Work required:
Retype exactly the lines of the listing below from the one with "OrthoChews are scientifically" through the last, both included, and leave every picture out.

── Source material

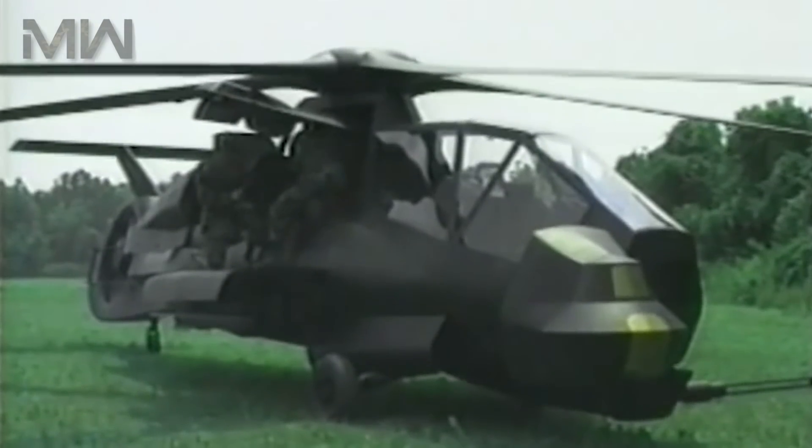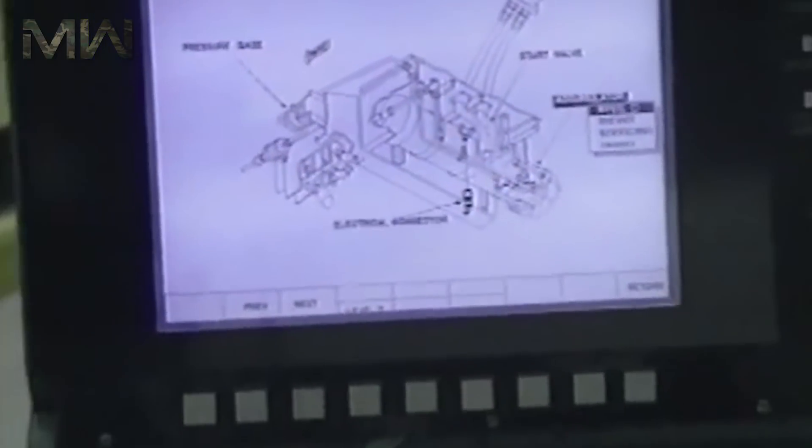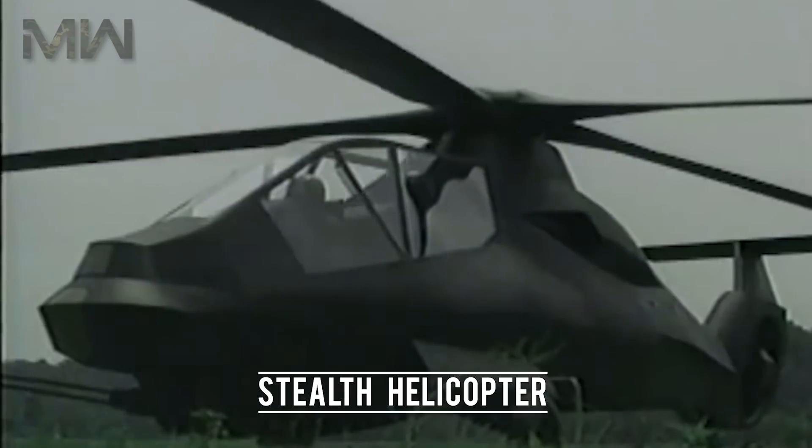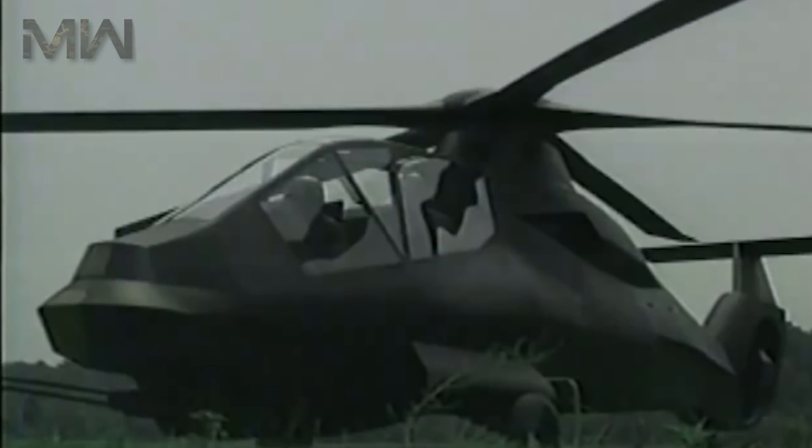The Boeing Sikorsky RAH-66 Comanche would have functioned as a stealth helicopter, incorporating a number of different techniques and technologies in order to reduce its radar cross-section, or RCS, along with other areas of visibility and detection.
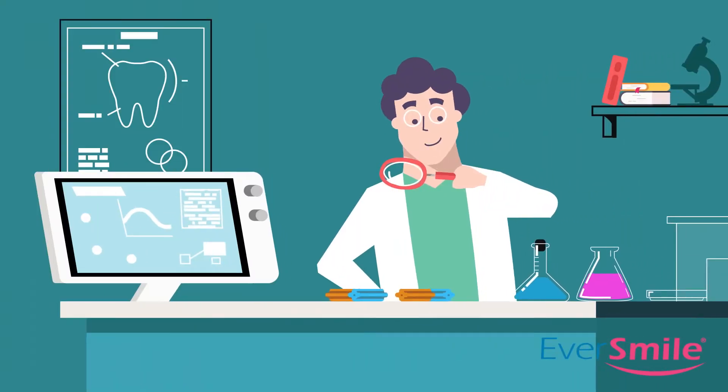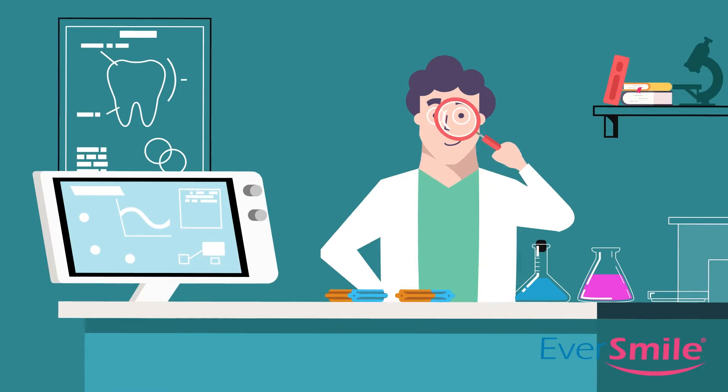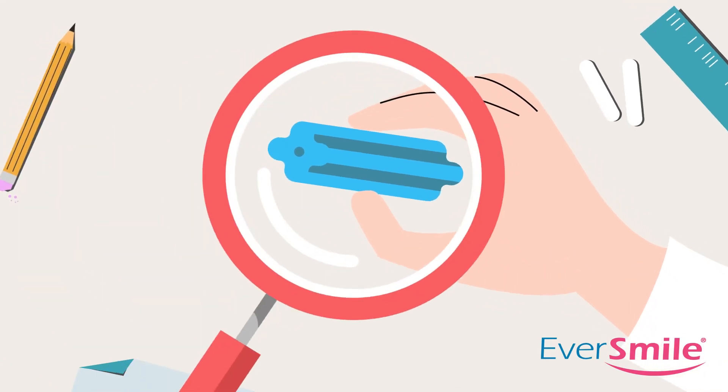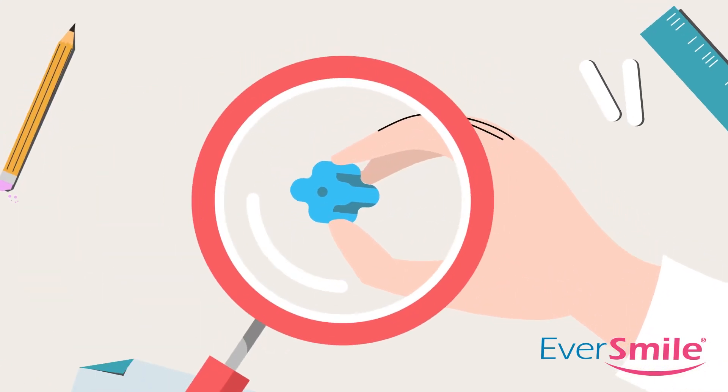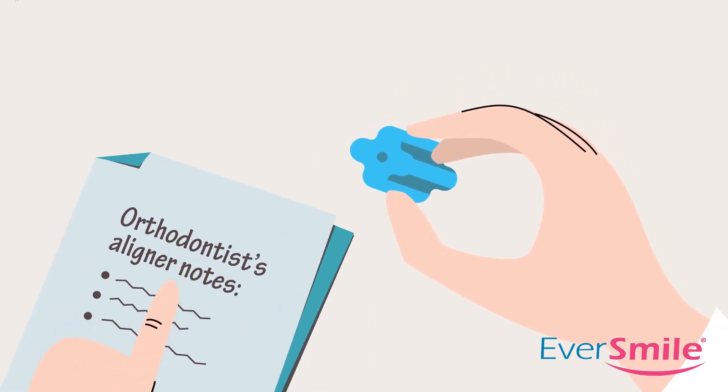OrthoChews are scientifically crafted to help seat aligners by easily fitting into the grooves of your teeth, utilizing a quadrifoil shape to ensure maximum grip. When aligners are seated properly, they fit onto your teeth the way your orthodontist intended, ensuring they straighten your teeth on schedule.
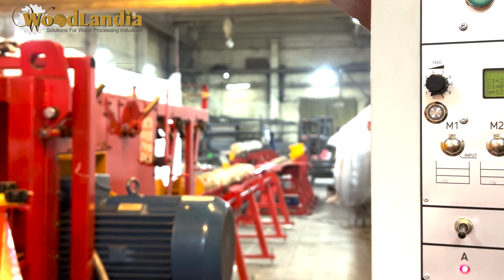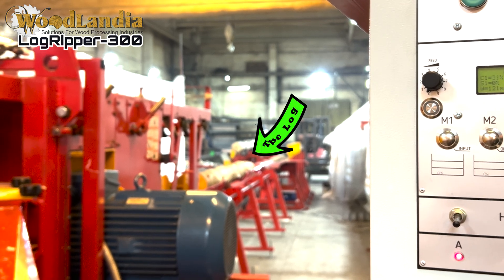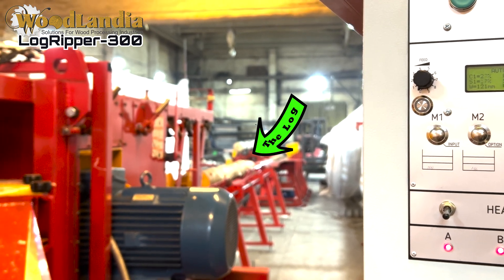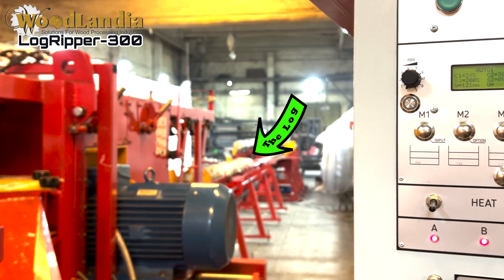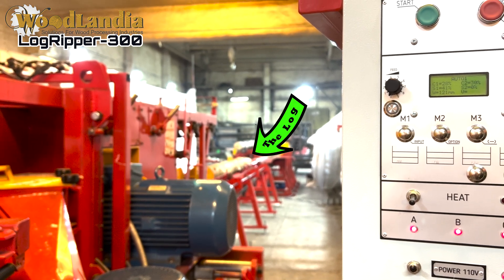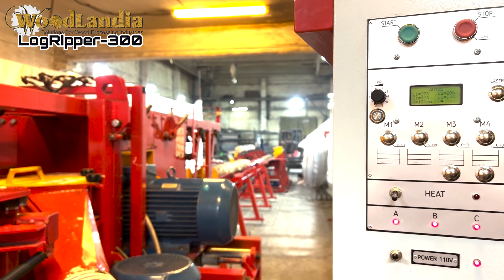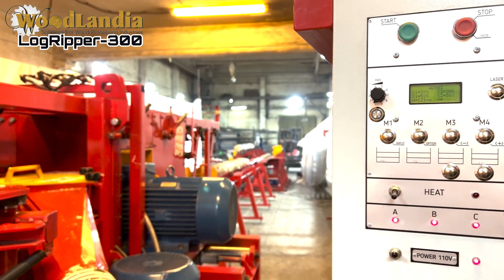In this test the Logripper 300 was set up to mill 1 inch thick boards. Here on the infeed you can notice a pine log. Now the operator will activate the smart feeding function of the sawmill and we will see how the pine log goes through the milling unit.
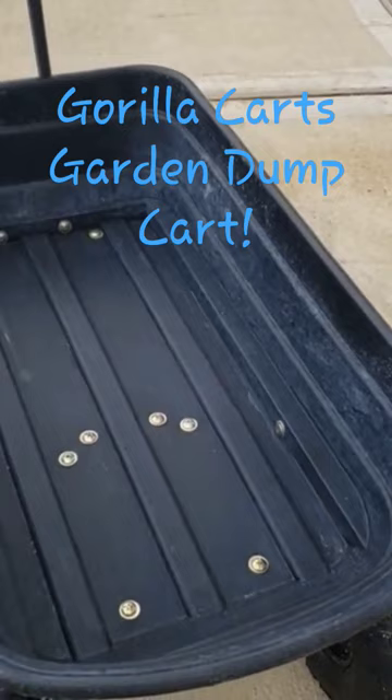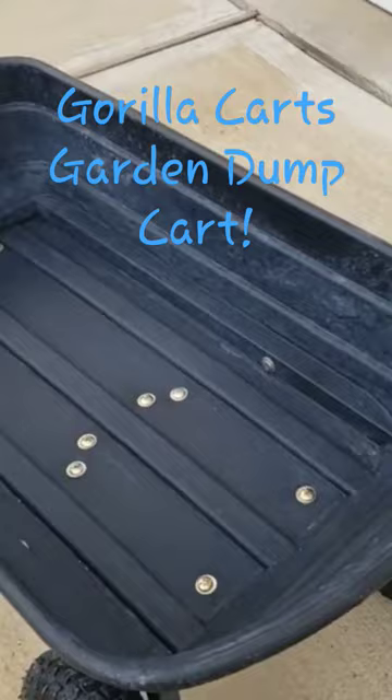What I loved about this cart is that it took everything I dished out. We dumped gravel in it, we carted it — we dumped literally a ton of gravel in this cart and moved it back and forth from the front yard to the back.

────

Final answer:
OrthoChews are scientifically crafted to help seat aligners by easily fitting into the grooves of your teeth, utilizing a quadrifoil shape to ensure maximum grip. When aligners are seated properly, they fit onto your teeth the way your orthodontist intended, ensuring they straighten your teeth on schedule.
In this test the Logripper 300 was set up to mill 1 inch thick boards. Here on the infeed you can notice a pine log. Now the operator will activate the smart feeding function of the sawmill and we will see how the pine log goes through the milling unit.
What I loved about this cart is that it took everything I dished out. We dumped gravel in it, we carted it — we dumped literally a ton of gravel in this cart and moved it back and forth from the front yard to the back.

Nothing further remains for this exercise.